A maior preocupação, os Estados Unidos, deixou de ser. Não sou defensor da tese de que haverá um pouso perfeito, mas até onde a vista alcançar, estão conseguindo desacelerar a economia lentamente e o processo desinflacionário vem acontecendo”, diz Silverio, referindo-se aos ajustes monetários feitos até aqui pelo Federal Reserve (Fed, o banco central americano). Já a China, que tem sido fonte de preocupação, ele considera que vai decepcionar no crescimento, mas não a ponto de provocar um desarranjo da economia.

Se lá fora se confirmar um cenário mais morno, o gestor acha que será um sinal favorável para o preço dos ativos no Brasil e outros pares. “O diferencial de juros entre emergentes e desenvolvidos vai beneficiar a renda fixa, tanto as estratégias prefixadas quanto aquelas ligadas a juros reais, e principalmente a bolsa, essa é a nossa maior aposta hoje.”

Evolução das aplicações financeiras - real — Foto: Valor Data
Evolução das aplicações financeiras – real — Foto: Valor Data

Com a redução da taxa de desconto no cálculo de valor justo das empresas e um menor impacto no custo de financiamento, a Tenax tem evitado setores que podem ser alvo de reoneração fiscal e privilegiado teses que tendem a ser favorecidas pela redução do prêmio de risco.

Entre as escolhas, estão companhias dos segmentos de shopping centers (Iguatemi e Aliansce Sonae), varejo (Vivara, Mercado Livre e Track&Field), energia elétrica (Equatorial e Copel) e financeiro (XP e BTG Pactual).

O ciclo monetário, quando é a favor, costuma ser um impulsionador à tomada de risco, afirma Roberto Chagas, chefe de renda variável da EQI Asset.

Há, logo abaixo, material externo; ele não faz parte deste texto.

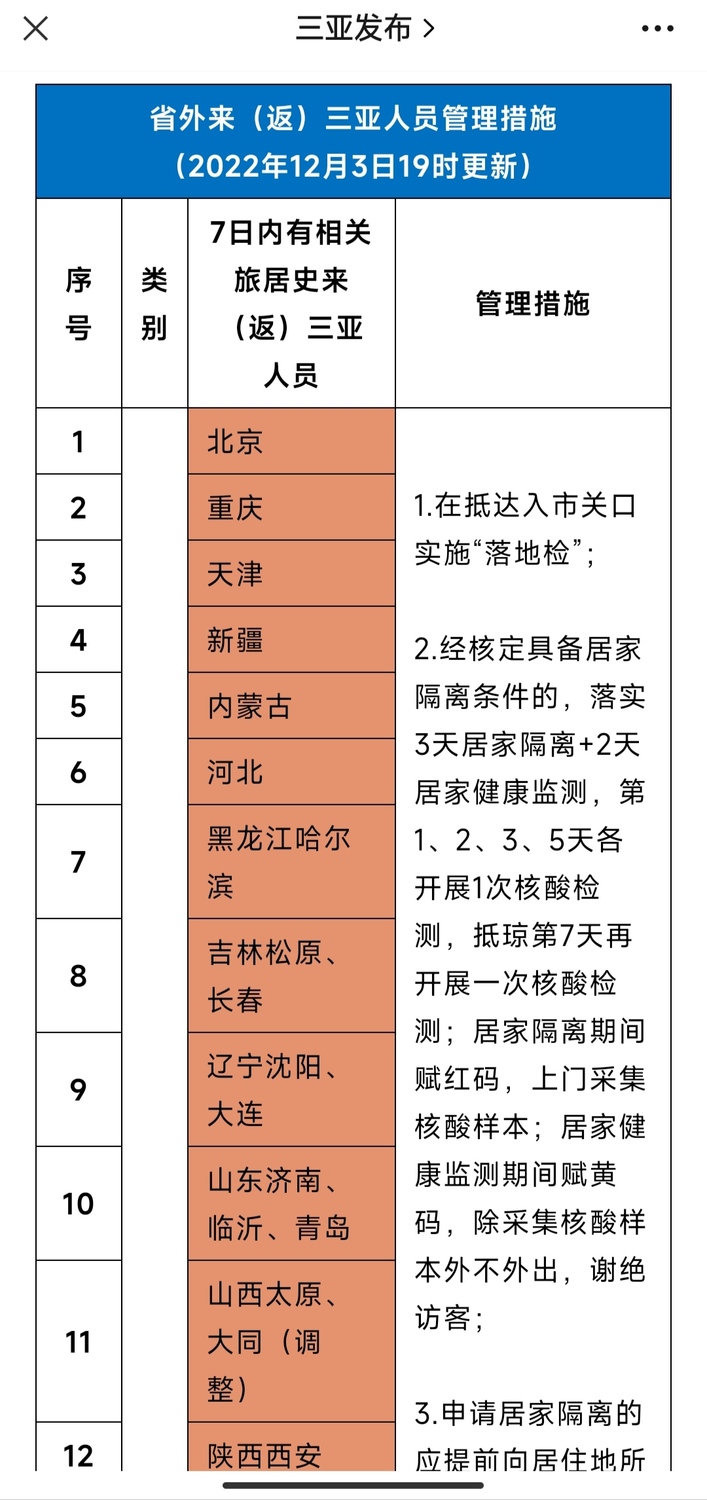 「三亞發布」也通知稱，即日起，對省外來（返）三亞人員不再實施分類管理。 圖：翻攝自陸網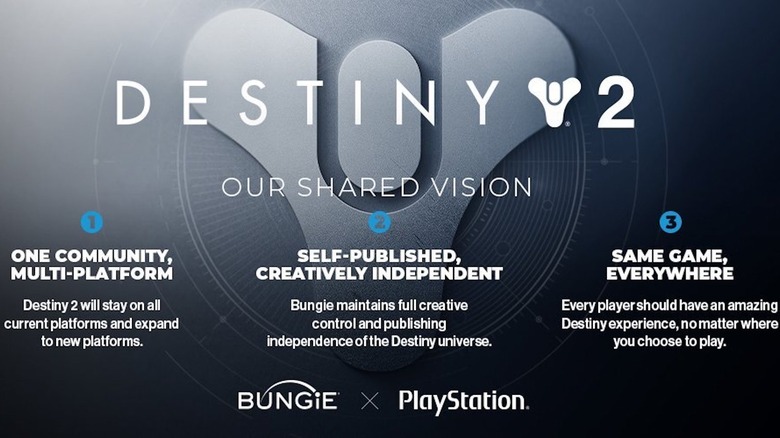 Destiny Bungie/Sony Graphic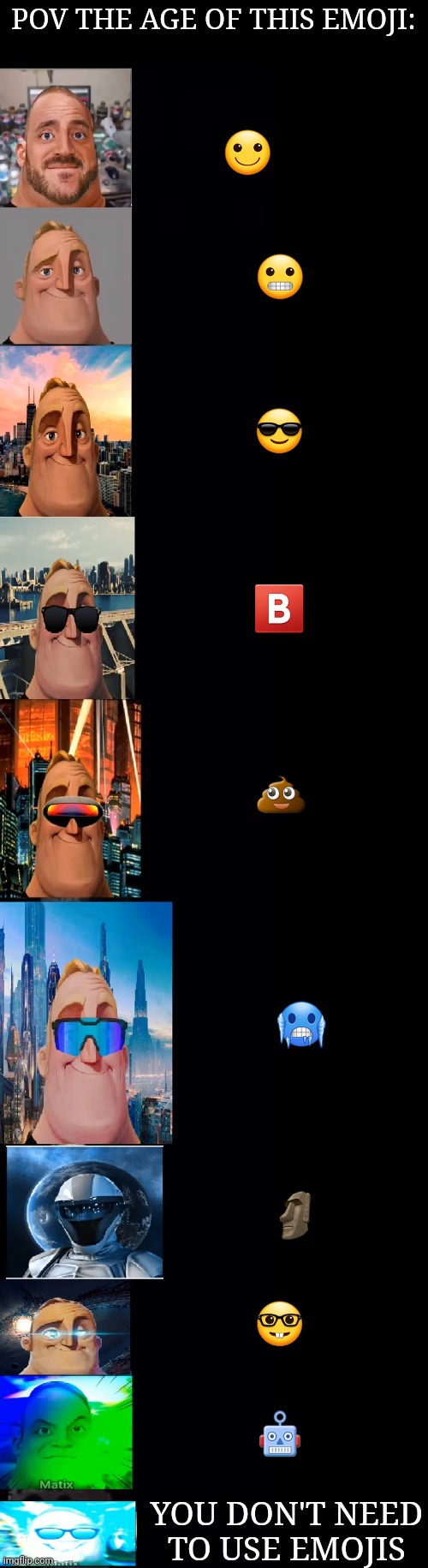 Pov Emojis: (probably doesn't make sense) |  POV THE AGE OF THIS EMOJI:; 🙂; 😬; 😎; 🅱️; 💩; 🥶; 🗿; 🤓; 🤖; YOU DON'T NEED TO USE EMOJIS | image tagged in future,emoji,mr incredible,funny,nonsense,bruh moment | made w/ Imgflip meme maker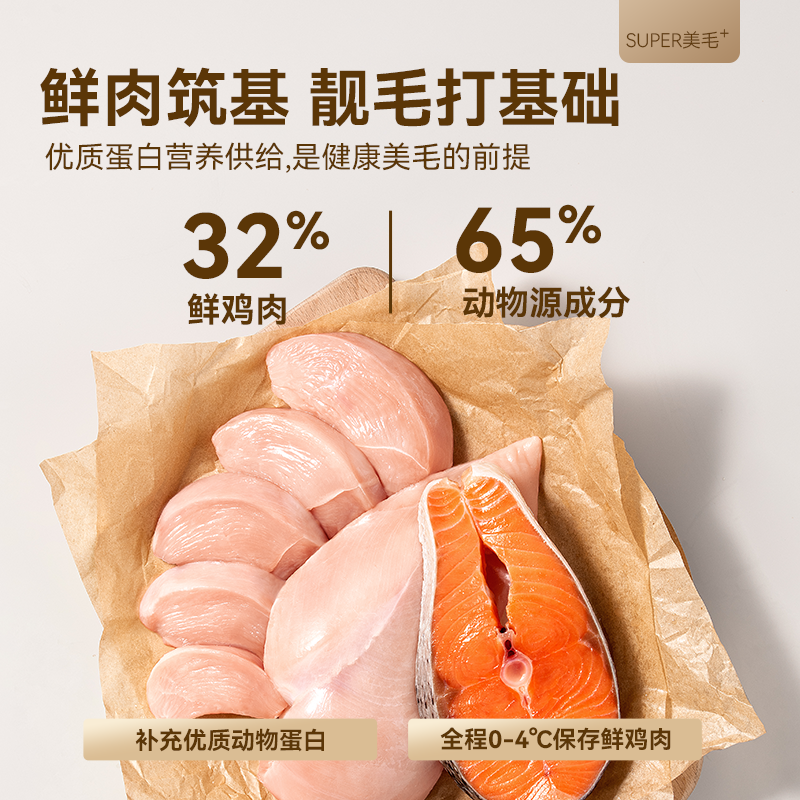 麦富迪舒然鱼油猫粮添加80%高纯度鱼油毛靓毛成幼猫通用猫粮2kg,淘宝优惠券,粉丝福利购,淘宝优惠卷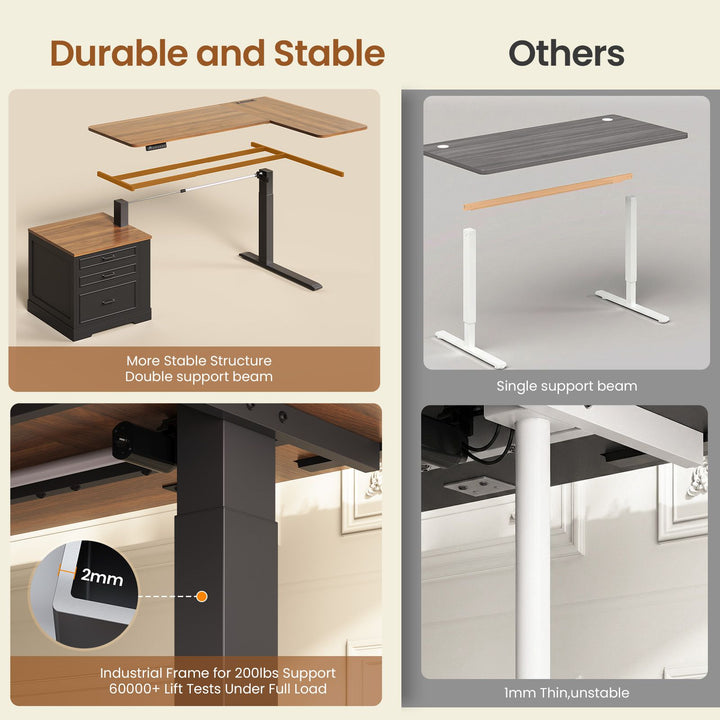 SEDETA | 70.9 Inch Farmhouse Standing Computer Desks Electric Height Adjustable L Shaped Office Executive Desk with Power Outlet 3 Drawers for Home Office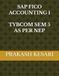 SAP FICO ACCOUNTING 1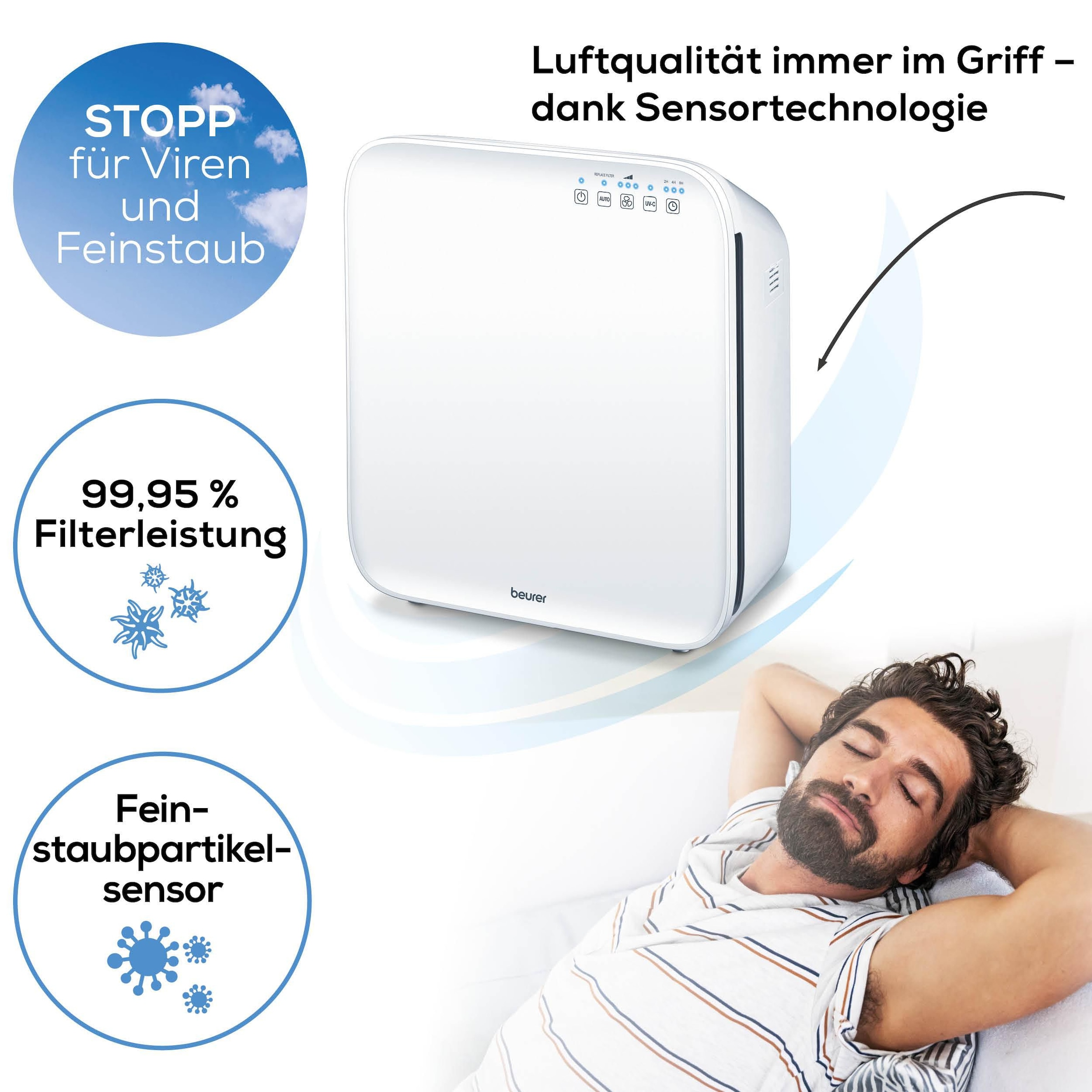 BEURER Luftreiniger »LR 310 mit Vorfilter, Aktivkohlefilter und HEPA Filter«, für 54 m² Räume, Befreit die Luft von Hausstaub, Tierhaaren, Gerüchen, Pollen etc.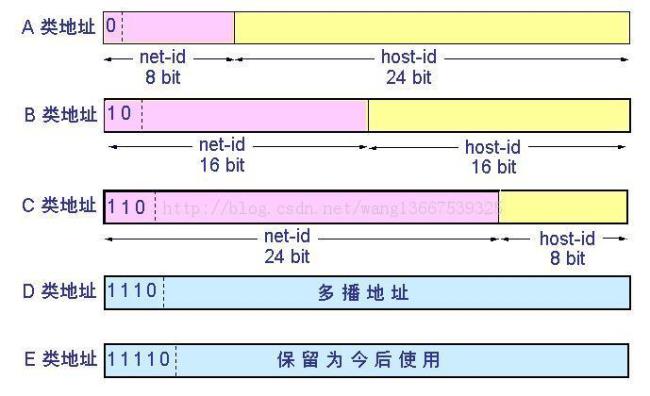 主机有多少个IP地址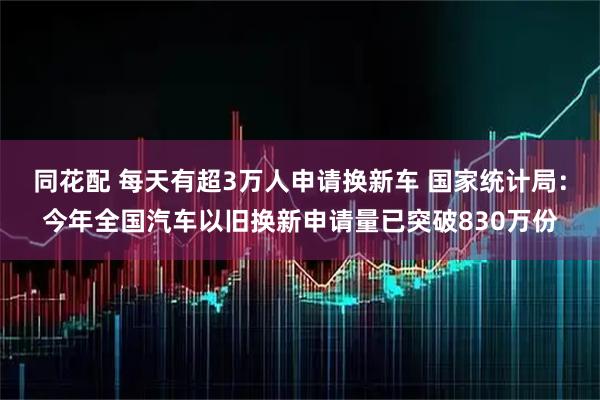 同花配 每天有超3万人申请换新车 国家统计局：今年全国汽车以旧换新申请量已突破830万份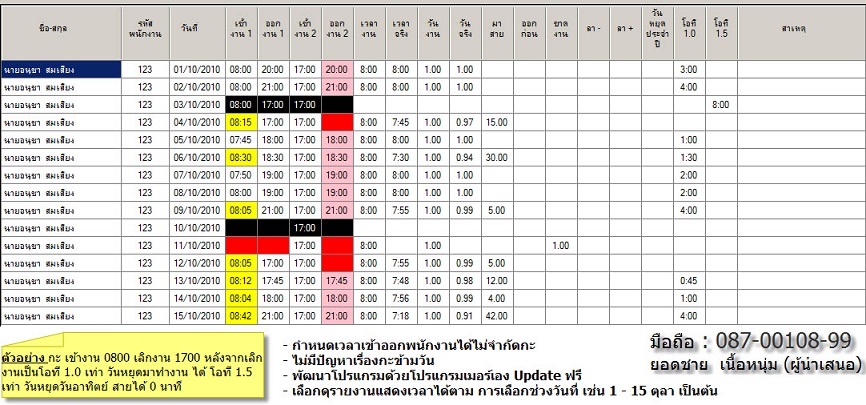 เครื่องสแกนลายนิ้วมือ,เครื่องสแกนนิ้ว (ราคาส่ง) 5500 -7900 พร้อมโปรแกรมคิดเงินเดือน กล้องวงจรปิด 4 CH 12,900*พร้อมติดตั้ง รับตัวแทนจำหน่าย   รูปที่ 6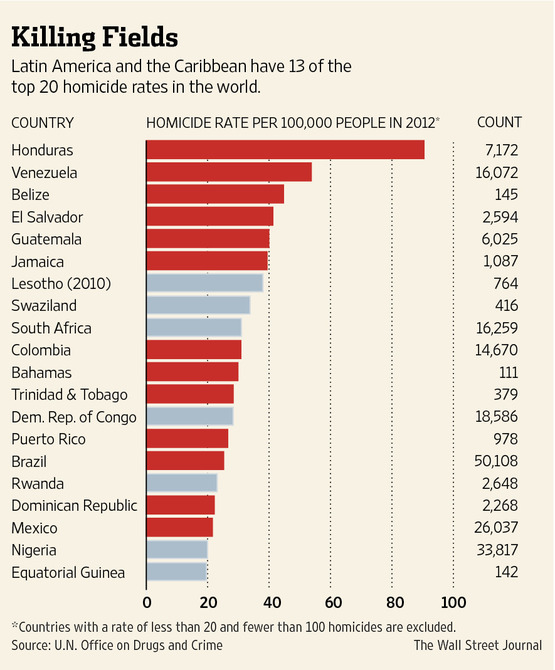 20 Countries High Homicides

Ele acredita que as reduções feitas pelo BC vão levar a taxa básica a 8,75% ao ano, revertendo o cenário de juros ultrarrestritivos. “Esse movimento é estimulativo para reposicionamento dos portfólios e a renda variável é um dos melhores ativos para uma fase assim. Não é a única, tem multimercados, fundos imobiliários, mas a bolsa é um expoente disso.”

Isso não quer dizer comprar o Ibovespa, mas setores que podem ser privilegiados pela trajetória de redução de juros. Ele cita Iguatemi, Vivara e Mercado Livre como teses dessa transição. “Mas isso tudo só é verdade se o ambiente lá fora não for ultra hostil, não é o nosso cenário base.” Ele acha necessário algum decréscimo na atividade americana até para deixar o Fed confortável com a inflação e encerrar de fato o seu ciclo de aperto.